East Farleigh is a village and civil parish in the local government district of Maidstone, Kent, England. The village is located on the south side of the River Medway about two miles (3.2 km) upstream from the town of Maidstone.

Heritage
The Grade I listed East Farleigh Bridge crossing the river here was built in the 14th century and is considered one of the oldest in Kent. It is too narrow to suit modern traffic conditions. It provided the crossing point for the Parliamentary forces in the Battle of Maidstone during the Civil War.

The population of the village expanded from 642 people in 1801 to 1,668 in 1881. The population growth occurred in parallel with an increase in hop production, which the tithe map of 1841 show covering a quarter of all land in the parish, 40 years before peak production was reached. Hops are no longer grown in the parish. The last oast house in the village ceased working in 1977.
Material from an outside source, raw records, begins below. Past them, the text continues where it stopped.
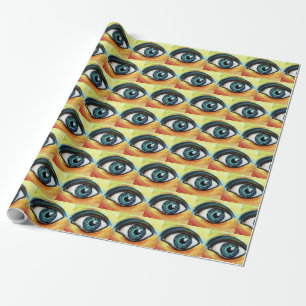 Blue eyes pattern wrapping paper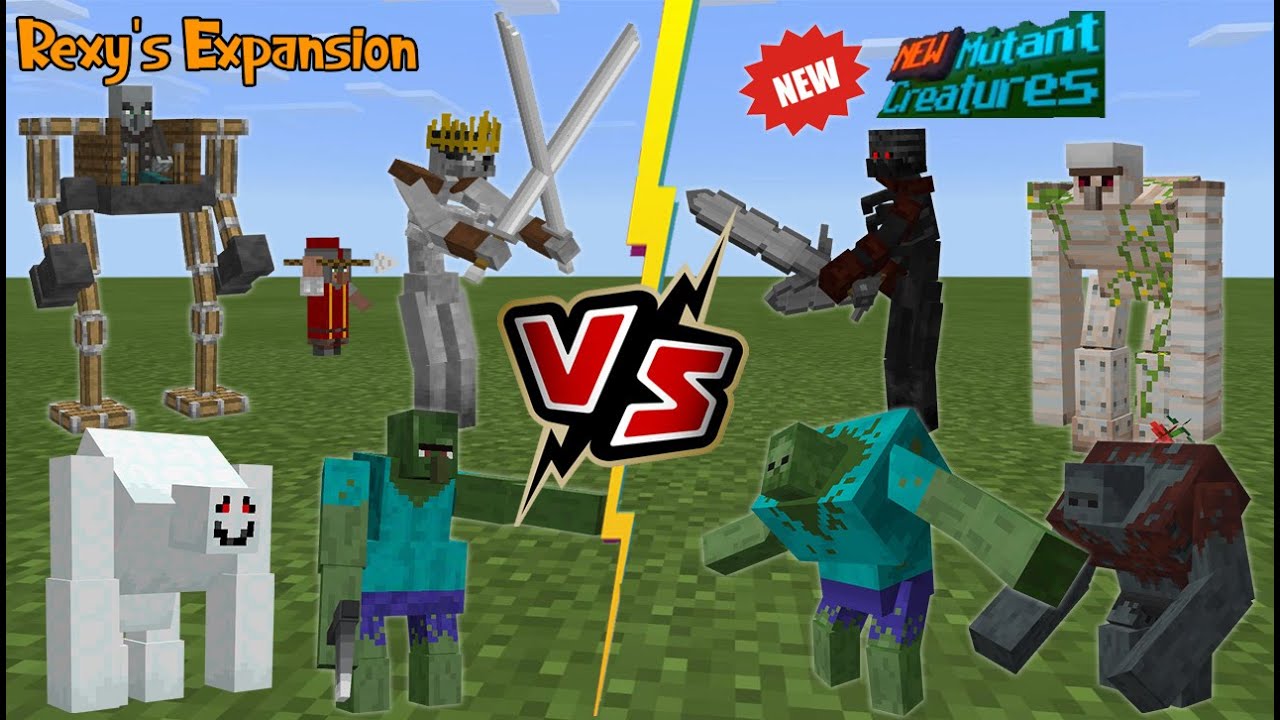 NEW Minecraft Mutant Creatures Add-on VS Rexy's Expansion [Minecraft MUTANT REVENGE]
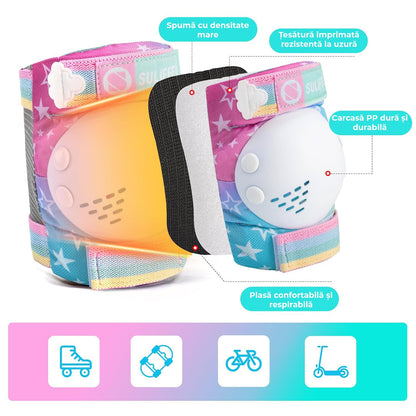 Set de Protecție Genunchiere, Cotiere, Aparatori Incheieturi, Reglabil, Pentru Copii cu Design Unicorn Curcubeu, Potrivit Pentru Ciclism, Role, Trotineta, SkateBoard, Marimea M, Culoare Roz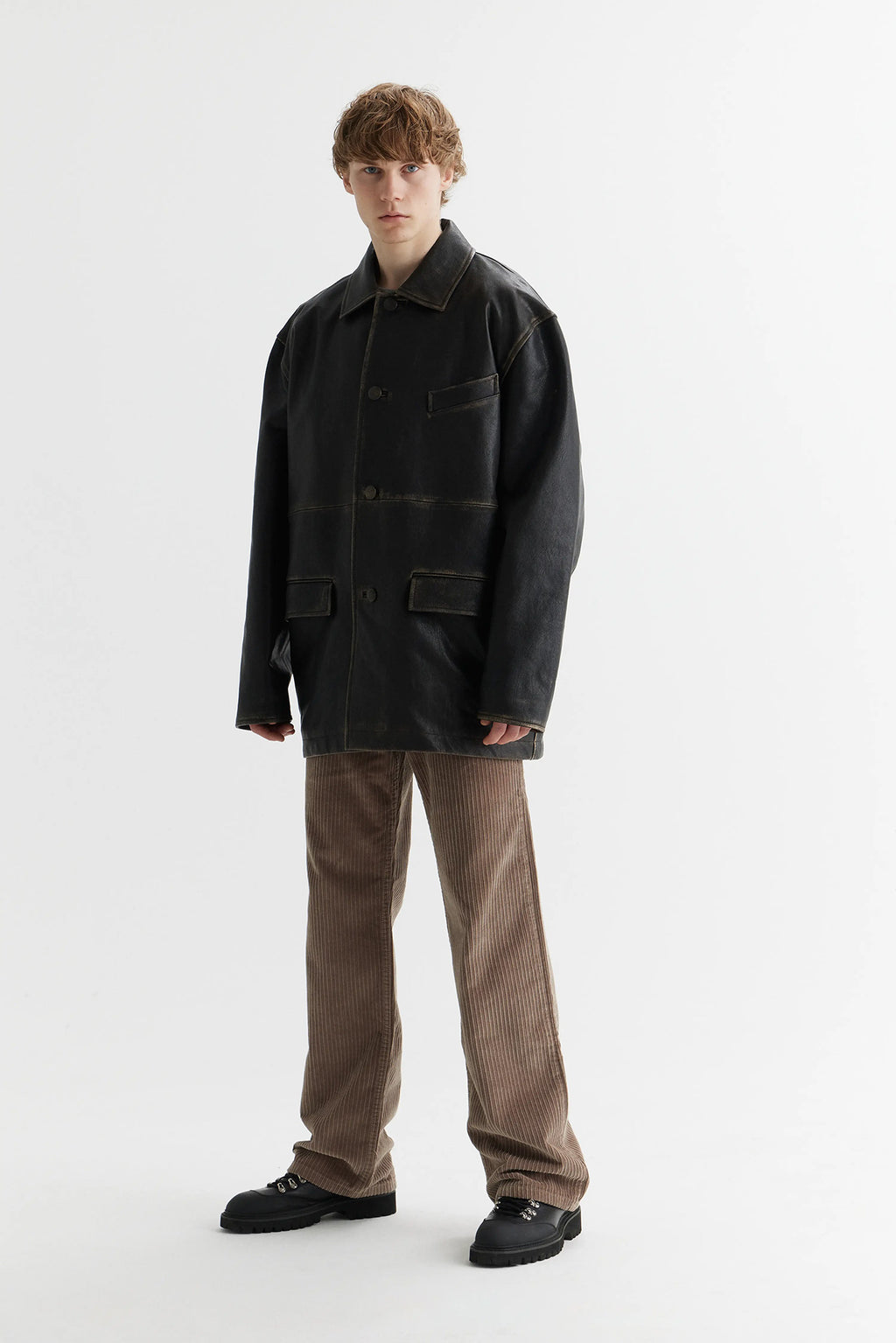 Dad Coat – Distressed Genuine Leather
East Farleigh appears in the Domesday Book as Ferlaga from the Saxon words referring to a passage (over the river in this case). The nearby village of West Farleigh has the same roots. The 12th-century church is dedicated to St Mary and is a listed building. East Farleigh House was the home of the noted artist Donald Maxwell from 1930 to 1936, and he is buried in the churchyard.

Amenities
There are four public houses in the parish: The Bull in the centre of the village; and The Horseshoes, The Victoria and the Walnut Tree.

East Farleigh railway station (actually in the parish of Barming) is on the Medway Valley Line.

Notable residents
Reynold Pympe, politician
Two sons of William Wilberforce, both of whom were vicars of East Farleigh, are buried in St Mary's churchyard. William Wilberforce himself spent some time at The Old Rectory shortly before he died.